Formerly an independent state, Hatay has been claimed by the Syrians as part of their country, but was incorporated into Turkey in 1938. The ups and downs of the Turkish-Syrian relationship have been reflected in the region ever since. In the late 1990s, Turkey and Syria nearly went to war over Damascus’s support for Kurdish separatists in Turkey, but in the years of Syrian-Turkish rapprochement since then, relations have flourished.
However, since pro-democracy protests erupted in Syria in March and a violent crackdown sent 12,000 refugees fleeing across the border to Hatay, the picture is beginning to change. Work on the friendship dam has been delayed, according to local media.
Rows of empty tables stretch across restaurants in Antakya, the capital of the Turkish province of Hatay which juts southward into neighbouring Syria.
“I don’t know how long it will last,” says Mehmet Deveci, the owner of a mountainside restaurant on the outskirts of the city which would normally be bustling with Syrian tourists at this time of year. “God knows.”
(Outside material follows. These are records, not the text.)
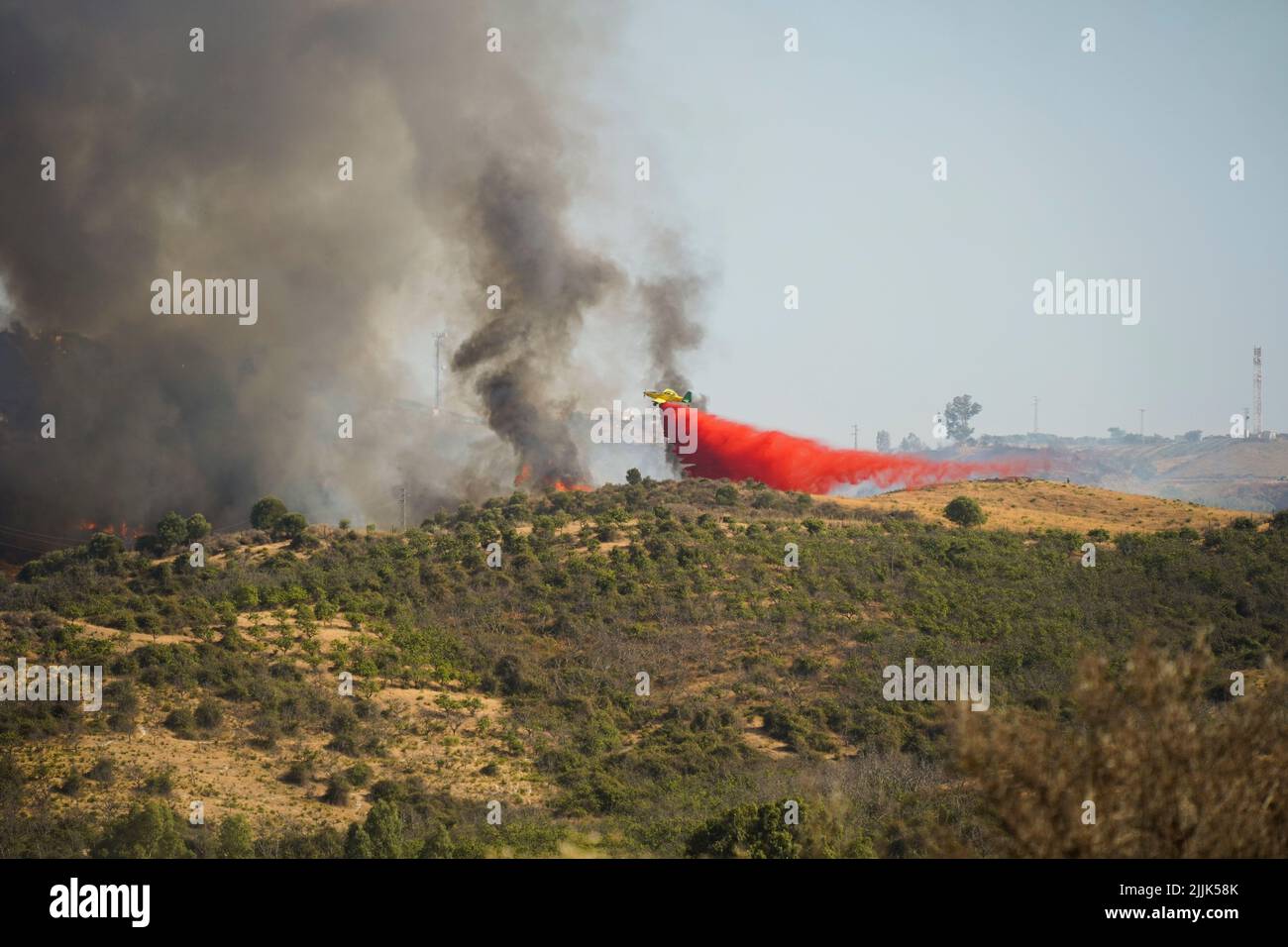 Plane dropping red flame retardant on wildfire in Mijas, Andalucia, Spain. Stock Photo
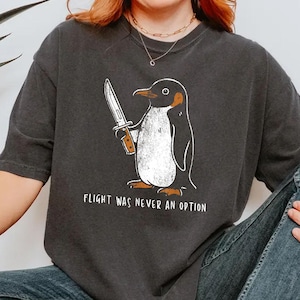 May include: A charcoal gray short-sleeve t-shirt featuring a graphic of a penguin holding a knife with the text "FLIGHT WAS NEVER AN OPTION" printed below. The shirt has a crew neckline and a relaxed fit, with the color name "PEPPER" visible.
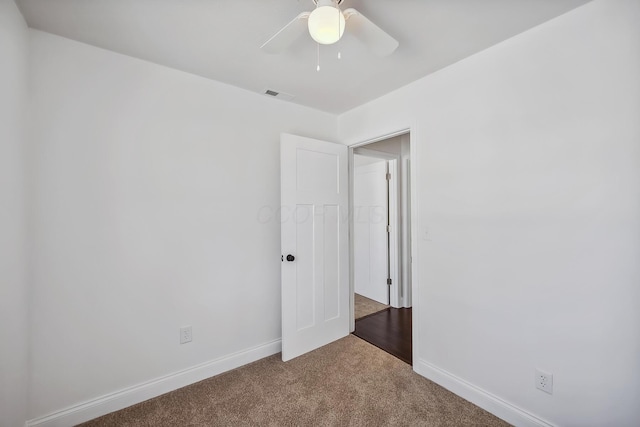 spare room featuring ceiling fan and carpet floors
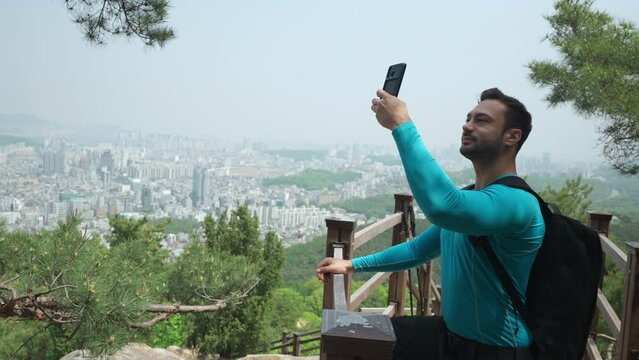 Hiker Man Takes Selfie Photos on a Mountain Hiking Trail With a Seoul City Overlook on Hazy Day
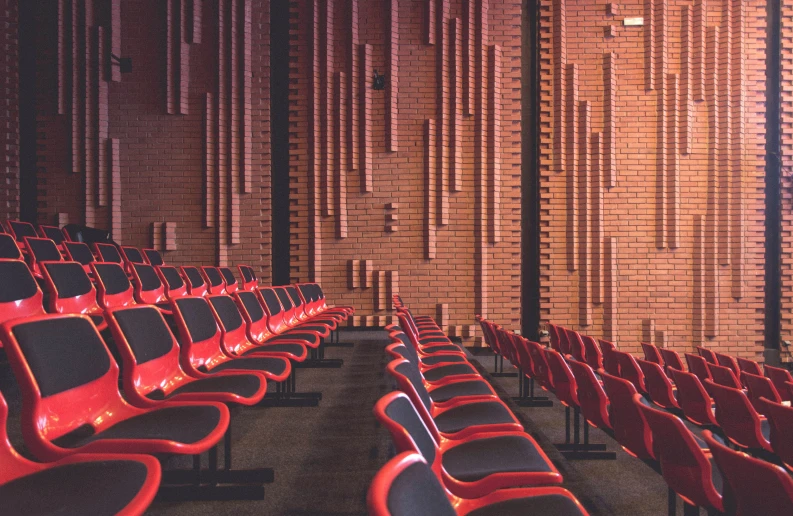 rows of red chairs in front of a brick wall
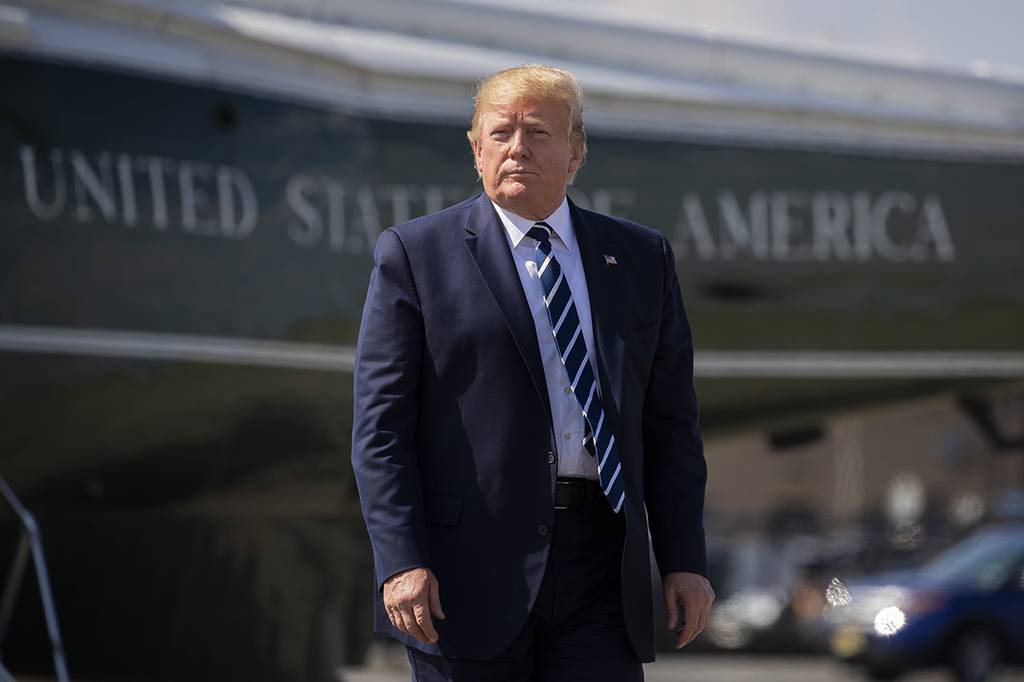 In this July 21, 2019 file photo, President Donald Trump walks on the tarmac to board Air Force One at Morristown Municipal Airport in Morristown, N.J.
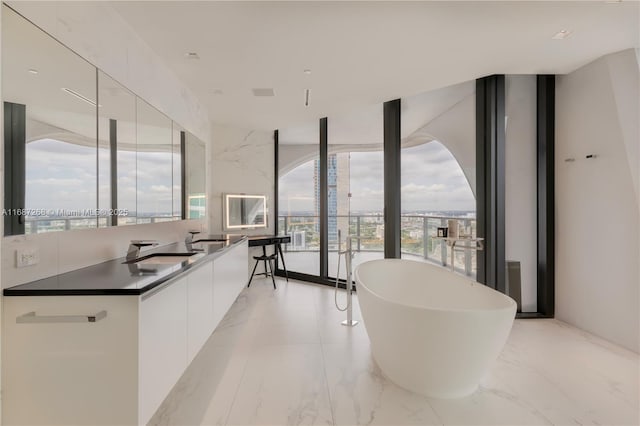 1000 Biscayne Blvd Unit 2702, Miami, FL 33132 - kitchen featuring plenty of natural light, a wall of windows, modern cabinets, white cabinets, and light marble finish floors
“Our trade relationship broke,” says Ali Bagci, a shop owner in an area of Antakya better known in the west as Antioch, where many of the staff are drawn from the province’s Arabic-speaking population in order to serve tourists who come to shop for the latest fashions from Turkey. He says that 95 per cent of Syrian business “is lost”.
Hickmet Cincin, chairman of the chamber of trade and industry in Antakya, estimates that trade at Hatay’s formal crossing points with Syria has fallen 80 per cent, and says informal trade of small goods in private cars, worth about $600m a year, has stopped altogether.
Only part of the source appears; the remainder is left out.